> _DIRECTIONS_: Repeat nothing but the lines below running from the one containing "TX license plate CBX3252" to the one containing "Bosje Tulpen Kort - Zalm/Roze/Geel". Keep both end lines.

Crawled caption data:
────────────────

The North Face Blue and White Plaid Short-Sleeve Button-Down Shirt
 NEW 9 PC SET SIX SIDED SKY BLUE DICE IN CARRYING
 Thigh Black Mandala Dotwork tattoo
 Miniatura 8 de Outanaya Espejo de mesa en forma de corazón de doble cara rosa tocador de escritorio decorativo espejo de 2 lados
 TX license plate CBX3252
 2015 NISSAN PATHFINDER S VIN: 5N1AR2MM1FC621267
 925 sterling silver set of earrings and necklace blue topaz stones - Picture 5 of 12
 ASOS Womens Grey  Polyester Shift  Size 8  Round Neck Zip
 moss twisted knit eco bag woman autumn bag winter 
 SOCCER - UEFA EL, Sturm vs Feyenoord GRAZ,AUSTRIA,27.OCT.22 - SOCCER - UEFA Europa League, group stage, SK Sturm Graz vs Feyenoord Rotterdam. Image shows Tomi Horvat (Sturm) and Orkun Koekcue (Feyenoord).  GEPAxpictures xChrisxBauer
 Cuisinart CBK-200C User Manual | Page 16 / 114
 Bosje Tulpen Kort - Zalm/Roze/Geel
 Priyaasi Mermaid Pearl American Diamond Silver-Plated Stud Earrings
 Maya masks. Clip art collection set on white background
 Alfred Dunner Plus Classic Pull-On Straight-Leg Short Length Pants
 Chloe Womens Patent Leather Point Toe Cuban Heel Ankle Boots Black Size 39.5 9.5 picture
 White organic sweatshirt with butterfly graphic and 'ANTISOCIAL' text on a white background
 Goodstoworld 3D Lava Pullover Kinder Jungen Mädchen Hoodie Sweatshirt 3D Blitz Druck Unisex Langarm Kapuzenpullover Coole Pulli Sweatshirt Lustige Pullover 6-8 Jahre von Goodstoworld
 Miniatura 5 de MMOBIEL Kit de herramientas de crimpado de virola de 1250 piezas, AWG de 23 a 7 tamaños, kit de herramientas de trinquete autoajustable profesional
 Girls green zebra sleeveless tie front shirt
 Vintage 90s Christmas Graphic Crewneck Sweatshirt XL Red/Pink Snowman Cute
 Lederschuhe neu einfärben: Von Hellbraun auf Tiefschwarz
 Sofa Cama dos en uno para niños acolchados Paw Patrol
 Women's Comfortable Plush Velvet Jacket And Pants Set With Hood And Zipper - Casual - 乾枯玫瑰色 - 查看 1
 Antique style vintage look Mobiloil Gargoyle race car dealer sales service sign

────────────────

> _ANSWER SPACE_:
 TX license plate CBX3252
 2015 NISSAN PATHFINDER S VIN: 5N1AR2MM1FC621267
 925 sterling silver set of earrings and necklace blue topaz stones - Picture 5 of 12
 ASOS Womens Grey  Polyester Shift  Size 8  Round Neck Zip
 moss twisted knit eco bag woman autumn bag winter 
 SOCCER - UEFA EL, Sturm vs Feyenoord GRAZ,AUSTRIA,27.OCT.22 - SOCCER - UEFA Europa League, group stage, SK Sturm Graz vs Feyenoord Rotterdam. Image shows Tomi Horvat (Sturm) and Orkun Koekcue (Feyenoord).  GEPAxpictures xChrisxBauer
 Cuisinart CBK-200C User Manual | Page 16 / 114
 Bosje Tulpen Kort - Zalm/Roze/Geel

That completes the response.